Long described as the world's most persecuted minority, the UN Advisory Commission now say that the Rohingya people ‘constitute the single biggest stateless community in the world’. 


Over the past two decades, unrelenting persecution has forced more than a million Rohingya across the border into neighbouring Bangladesh. In August 2017 more than 745,000 people fled calculated, genocidal attacks by the Myanmar military, and now live in densely populated refugee camps along the border. 

With a current estimate of nearly 902,000 Rohingya people in this area, 55% of which are children, it is no surprise they feel they have no recognition in the sprawling miles of makeshift shelters. ​​



Children on the Edge had been working with Rohingya refugee children here for eight years before the current crisis escalated. Initially providing low-profile education for 2,700 children, then expanding to meet the needs of 7,500 children after the influx, they have always focussed their efforts on ensuring education is child-friendly, rights-based and community-led. 

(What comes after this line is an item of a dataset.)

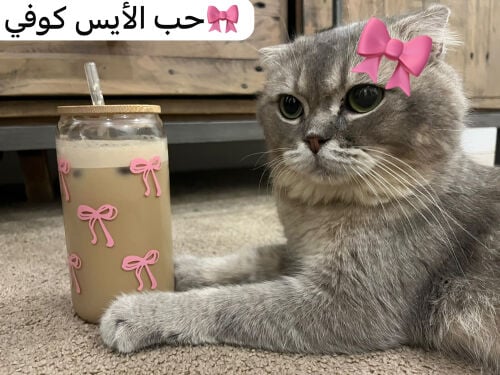 قط شيرازي للبيع 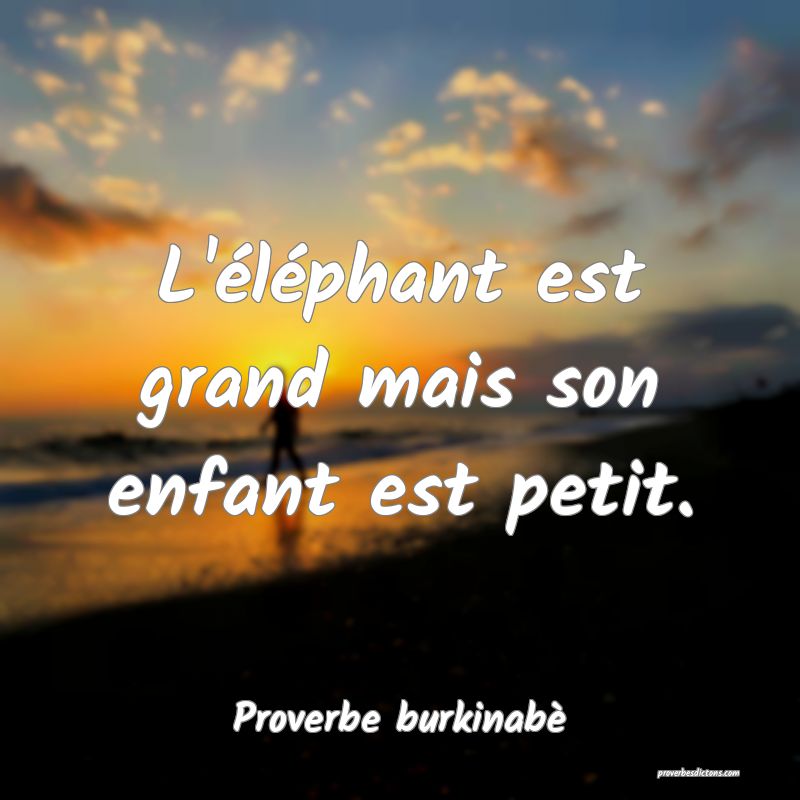  L'éléphant est grand mais son enfant est petit.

Consequently, self expression for children is a high priority and is achieved partly through a curriculum which encourages expression through dance, song, poetry, art and learning about child rights. In addition to this, each of the 75 Learning Centres has a Child Council who meet regularly to express their opinions and represent the views of their friends. 
​

CHILDREN'S NEWSLETTERS



Child Councils also pull together a child-led quarterly printed publication, bursting with drawings, poems, stories and thoughts from the children they represent.

​Children’s newsletters have been successfully facilitated for nine years by Children on the Edge and Mukti with slum dwelling children in neighbouring Cox’s Bazar, but this year has seen the first ever publication in the Kutupalong camp. 
​“The newsletter has generated a great deal of excitement within the camp and has encouraged the children’s creativity and feeling of ownership of the schools”.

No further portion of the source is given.